A senior U.S. defense official described the contested area as equivalent to the stretch of land between Washington and Fairfax, Virginia, a distance of around 20 miles.
Rocket-propelled grenade launchers, artillery, mortars, tanks, bomber aircraft and long-range missiles are all being employed to clear the land of life to allow Russian infantry to advance, Haidai said.
The scorched-earth tactics have allowed the Russians to creep ever closer to Ukrainian positions within the city of Lysychansk, as part of Moscow’s drive to lay claim to the whole of the Donbas region to which Luhansk province belongs.
But even with the remarkable expenditure of ammunition, gains are slow. Since June 25, the Russians have managed to advance about 1.2 miles toward Lysychansk from the south, according to an estimate released Wednesday by the British military intelligence agency.
The Russian proxy forces in the region have said several times in recent days that the Ukrainians are encircled and retreating. The Ukrainian military denies the claims.
The accounts provided by the two armies could not be independently verified.
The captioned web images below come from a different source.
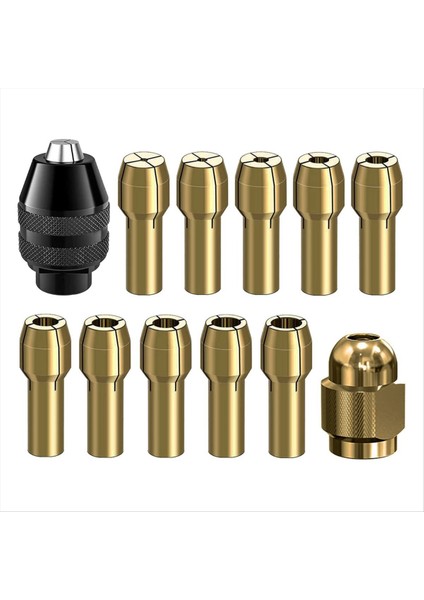 12 Pcs Matkap Chuck Set Set Pirinç Matkap Tohumu Kiti Anahtarsız Chuck 1/32 Inç Ila 1/8in Yedek 4485 4486 Değişiklik Somunu (Yurt Dışından)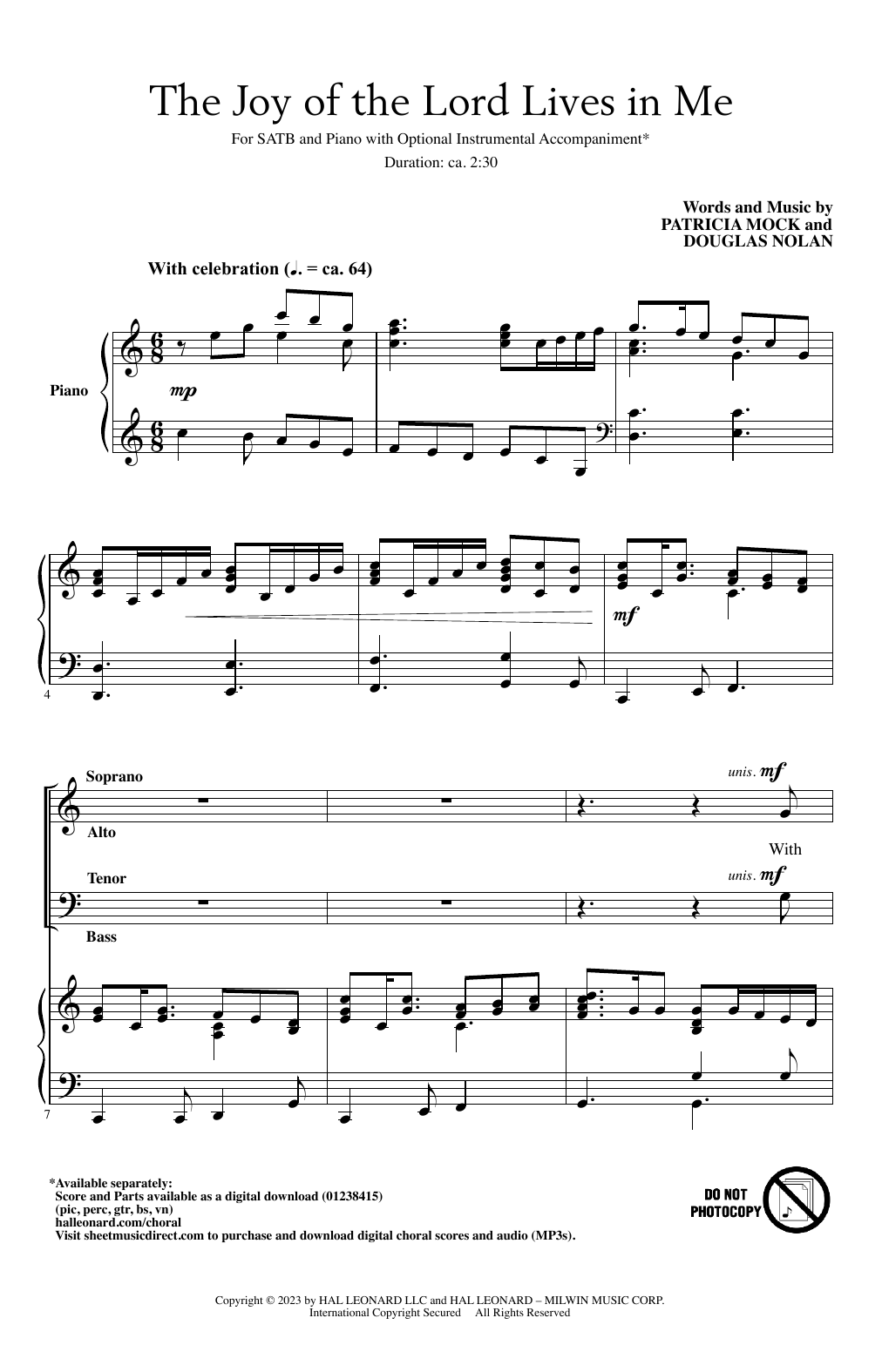 Download Patricia Mock and Douglas Nolan The Joy Of The Lord Lives In Me Sheet Music and learn how to play SATB Choir PDF digital score in minutes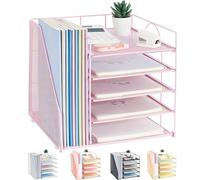 LEKETREE Organizer da scrivania con porta documenti, organizer per carta a 5 ripiani, vassoio per lettere con cassetto scorrevole e portapenne, organizer da scrivania in rete per forniture scolastiche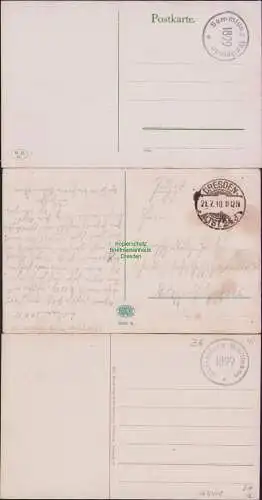 165448 3 AK Dresden Postplatz 1918 Kaiserliches Fernsprechamt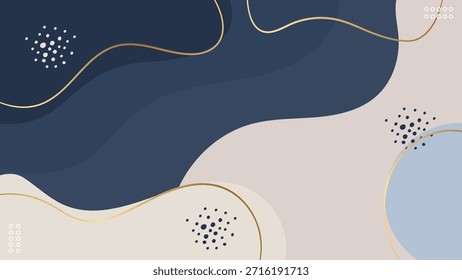 Abstrato Azul Marinho Ondas Cinza Formas Ouro Linhas Mínimo Estilo Trendy Fundo. Banner do vetor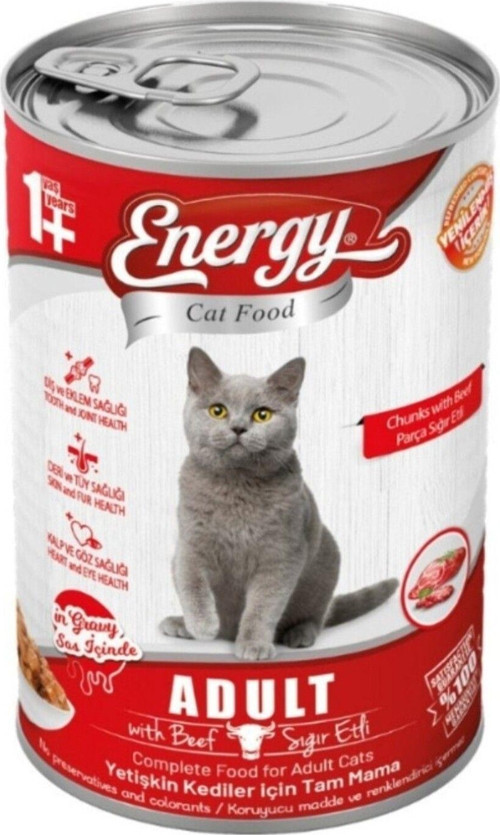 Pet Food Energy Sığır Etli Yetişkin Islak Kedi Konserve Maması 415 Gram 80 Adet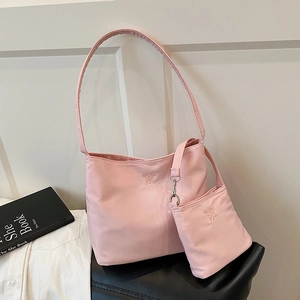 Set di Borse a Tracolla in Nylon da Donna Minimalista Borsa Sottobraccio alla Moda Con Tasca Piccola Borsa a Secchiello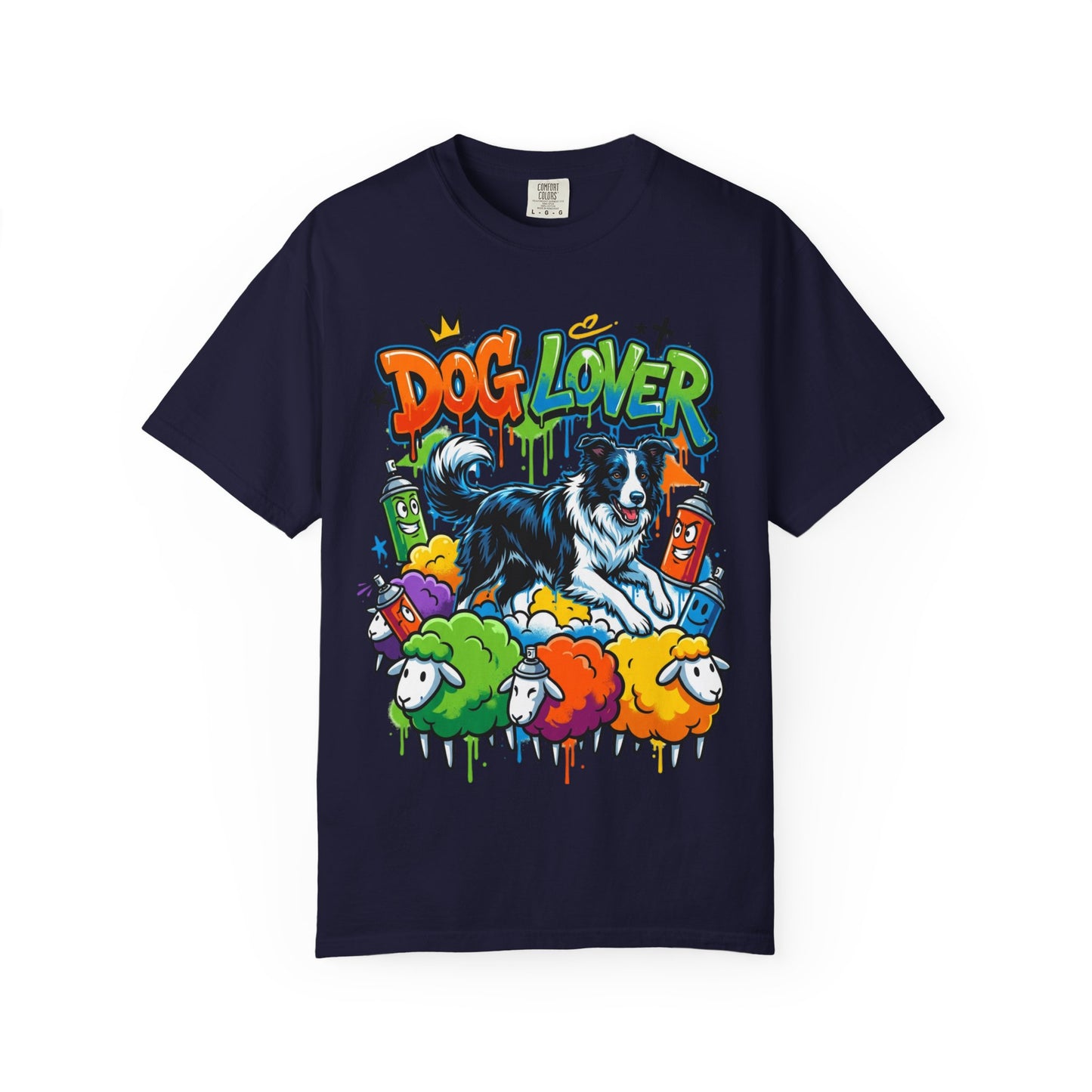 Dog Lover Graffiti T-Shirt — Colorful Border Collie Street Art Tee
Haidai said Russia had deployed two combat battalions to the outskirts of Lysychansk, which he said included “thousands” of soldiers, vastly outnumbering the Ukrainians.
Still, he said, the Ukrainians were able to move humanitarian supplies into the city Wednesday and were maintaining defensive lines, inflicting “huge losses” daily on Russian forces.
The Ukrainian military high command said that the Russians were continuing to move men and equipment to the area to make up for heavy losses.
A senior U.S. defense department official told reporters this week that the Russians had been forced to employ reserves in recent weeks.
“The fact that the Russians are talking about reserves speaks to the impact the Ukrainians are taking on the Russian army,” the official said.
Ukraine’s government acknowledges that its forces are also suffering thousands of casualties.
Moscow has made it clear that it intends to keep grinding forward — moving from the last towns in Luhansk to fortified Ukrainian cities in the neighboring Donetsk region — and the Ukrainian military said Wednesday that the Kremlin was taking steps to prepare for renewed offensives in that direction.
What remains unclear, however, is how the beating suffered by both armies over months of brutal combat will affect each side’s ability to sustain both defensive and offensive operations.